Focus is one thing. When you are on a defined stage in a dark room with all lights on you, it follows that all eyes are on you too. Outdoors in the sun, it's just as easy for an attendee to be watching clouds, their kids playing, the fetching young person in the tank top across the way -- any one of a thousand distractions. (After dark, with stage lights on, focus returns to the stage. It's the time you want to be there.)
Some performers deal with this problem in a number of ways. They might dress flashier. Or become more animated. Twirl batons. Break into clog dancing. Scream. Anything to draw attention to the stage. Sometimes this can be an artistic statement. Sometimes it can be a desperate ploy to pander to the audience. Sometimes both.
Audience apathy is another problem. This is especially so at those events where admission is free. You find you are no longer playing to a group of folk fans or even music lovers. Your audience is a group of casual sun-seekers out for a day of cheap recreation. And you are a mere diversion in their afternoon. Many of them haven't seen live music in years. Expect to be under appreciated, unless you perform something much like what they might see on TV.

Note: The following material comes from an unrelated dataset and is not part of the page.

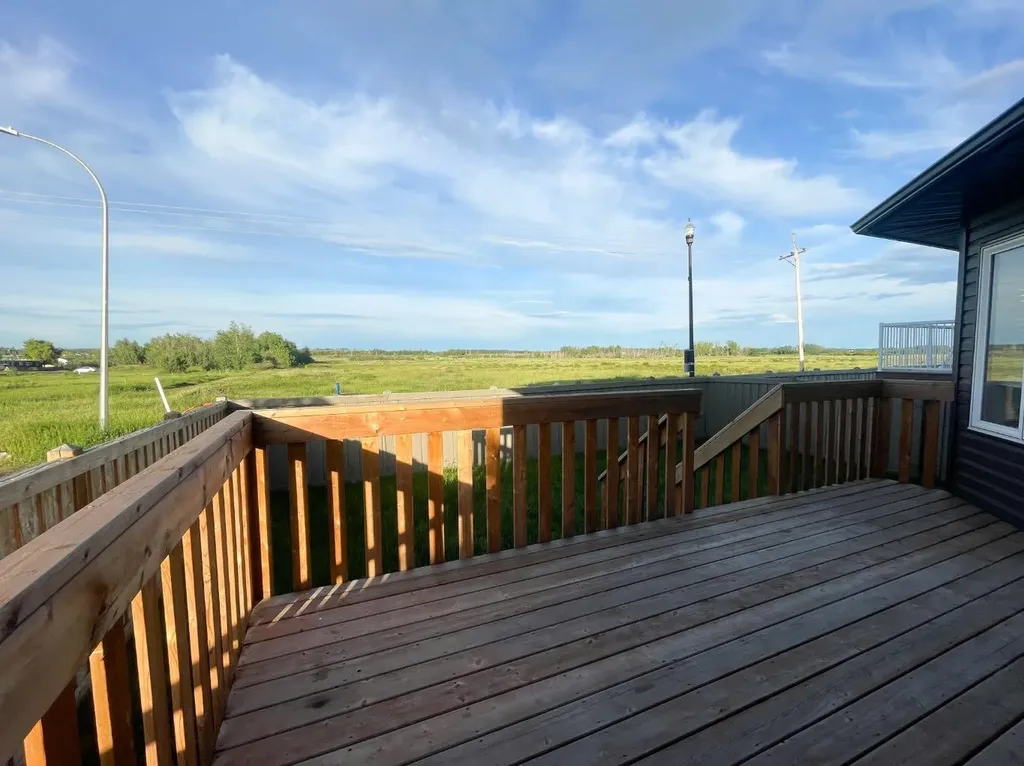 9521 88 Street Grande Prairie AB T8X 0N3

At bona fide Folk Festivals on the other hand you will be playing to "your" people. But after a day or so of euphoria, you might find yourself playing to emotionally exhausted folkies on a Sunday afternoon. Remember, too, that a festival is like a family reunion for most attendees, so a lot of chitchatting and elbow rubbing is competing with you for the audience's attention.
And why does the sound always suck?!? Well, it doesn't always. Some sound crews at festivals do a great job. But it is many times harder to achieve great sound outdoors. And when the acts change every 25 minutes, it's hard to get a good mix -- even if you did do a sound check five hours earlier. Often a band shell creates a weird overtone, or a speaker was blown during the last act up, or the monitor amp blew up. You name it -- it could happen. Don't expect wonderful. Appreciate adequate.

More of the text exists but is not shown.